Task to complete:
Look in the material below for the line holding "Кошачье семейство". Set it down exactly, with each later line up to and including the line holding "Burrowing Owl - ML620514631".

Data records:
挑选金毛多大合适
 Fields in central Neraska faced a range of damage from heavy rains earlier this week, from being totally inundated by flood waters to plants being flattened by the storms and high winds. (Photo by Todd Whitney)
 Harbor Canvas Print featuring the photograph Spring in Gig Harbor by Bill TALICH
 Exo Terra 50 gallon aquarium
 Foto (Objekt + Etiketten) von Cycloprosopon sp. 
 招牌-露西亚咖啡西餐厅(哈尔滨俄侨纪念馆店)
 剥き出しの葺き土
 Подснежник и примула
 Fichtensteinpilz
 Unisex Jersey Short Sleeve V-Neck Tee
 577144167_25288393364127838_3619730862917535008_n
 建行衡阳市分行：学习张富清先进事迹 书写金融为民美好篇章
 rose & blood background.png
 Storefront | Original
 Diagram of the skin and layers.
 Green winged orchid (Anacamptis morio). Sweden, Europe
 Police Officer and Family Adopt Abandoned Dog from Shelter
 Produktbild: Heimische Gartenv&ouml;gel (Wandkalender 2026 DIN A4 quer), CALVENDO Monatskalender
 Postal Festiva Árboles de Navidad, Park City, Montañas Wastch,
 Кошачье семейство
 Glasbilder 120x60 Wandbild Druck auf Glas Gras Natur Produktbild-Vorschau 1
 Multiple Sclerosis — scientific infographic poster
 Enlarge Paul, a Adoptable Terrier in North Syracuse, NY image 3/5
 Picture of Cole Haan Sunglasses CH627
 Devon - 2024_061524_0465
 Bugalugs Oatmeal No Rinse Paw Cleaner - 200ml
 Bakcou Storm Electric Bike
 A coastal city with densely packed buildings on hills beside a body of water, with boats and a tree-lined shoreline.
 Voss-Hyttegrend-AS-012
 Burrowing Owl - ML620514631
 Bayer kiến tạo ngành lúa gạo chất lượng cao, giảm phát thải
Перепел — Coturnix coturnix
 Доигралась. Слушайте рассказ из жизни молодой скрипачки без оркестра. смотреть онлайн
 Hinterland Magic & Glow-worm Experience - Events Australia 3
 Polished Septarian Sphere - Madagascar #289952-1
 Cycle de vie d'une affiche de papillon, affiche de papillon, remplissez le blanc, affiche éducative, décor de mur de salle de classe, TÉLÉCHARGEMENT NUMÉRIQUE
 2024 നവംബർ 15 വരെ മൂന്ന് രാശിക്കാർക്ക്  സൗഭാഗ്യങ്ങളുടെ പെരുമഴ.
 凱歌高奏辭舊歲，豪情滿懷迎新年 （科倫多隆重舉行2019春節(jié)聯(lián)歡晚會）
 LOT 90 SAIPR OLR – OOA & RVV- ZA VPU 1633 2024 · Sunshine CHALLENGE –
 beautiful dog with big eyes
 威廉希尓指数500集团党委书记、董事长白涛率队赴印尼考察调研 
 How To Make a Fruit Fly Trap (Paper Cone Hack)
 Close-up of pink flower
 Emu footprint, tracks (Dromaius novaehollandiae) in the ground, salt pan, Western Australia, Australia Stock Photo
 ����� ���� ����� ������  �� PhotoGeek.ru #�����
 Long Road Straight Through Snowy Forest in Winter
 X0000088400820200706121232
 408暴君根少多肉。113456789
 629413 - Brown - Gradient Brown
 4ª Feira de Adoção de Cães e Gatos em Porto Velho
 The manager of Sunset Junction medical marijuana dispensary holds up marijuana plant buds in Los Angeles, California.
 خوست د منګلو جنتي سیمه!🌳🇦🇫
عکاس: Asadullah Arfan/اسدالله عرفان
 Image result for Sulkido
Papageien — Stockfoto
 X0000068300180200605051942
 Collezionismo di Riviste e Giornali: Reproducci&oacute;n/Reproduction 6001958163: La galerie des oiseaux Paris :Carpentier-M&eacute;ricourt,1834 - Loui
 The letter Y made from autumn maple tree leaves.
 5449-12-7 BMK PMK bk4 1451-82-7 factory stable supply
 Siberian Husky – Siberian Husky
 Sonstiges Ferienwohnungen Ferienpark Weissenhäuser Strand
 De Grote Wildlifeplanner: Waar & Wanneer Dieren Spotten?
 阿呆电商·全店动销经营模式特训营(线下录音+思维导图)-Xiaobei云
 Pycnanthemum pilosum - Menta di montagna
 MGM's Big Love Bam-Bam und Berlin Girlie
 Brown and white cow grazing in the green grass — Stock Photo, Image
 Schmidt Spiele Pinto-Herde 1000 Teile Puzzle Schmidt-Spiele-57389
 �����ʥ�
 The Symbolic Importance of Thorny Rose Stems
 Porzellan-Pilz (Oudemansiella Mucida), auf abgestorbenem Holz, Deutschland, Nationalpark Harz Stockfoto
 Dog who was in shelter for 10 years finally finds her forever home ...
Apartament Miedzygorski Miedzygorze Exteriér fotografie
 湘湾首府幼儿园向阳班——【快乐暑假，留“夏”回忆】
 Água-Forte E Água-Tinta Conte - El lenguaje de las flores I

Answer to the problem:
 Кошачье семейство
 Glasbilder 120x60 Wandbild Druck auf Glas Gras Natur Produktbild-Vorschau 1
 Multiple Sclerosis — scientific infographic poster
 Enlarge Paul, a Adoptable Terrier in North Syracuse, NY image 3/5
 Picture of Cole Haan Sunglasses CH627
 Devon - 2024_061524_0465
 Bugalugs Oatmeal No Rinse Paw Cleaner - 200ml
 Bakcou Storm Electric Bike
 A coastal city with densely packed buildings on hills beside a body of water, with boats and a tree-lined shoreline.
 Voss-Hyttegrend-AS-012
 Burrowing Owl - ML620514631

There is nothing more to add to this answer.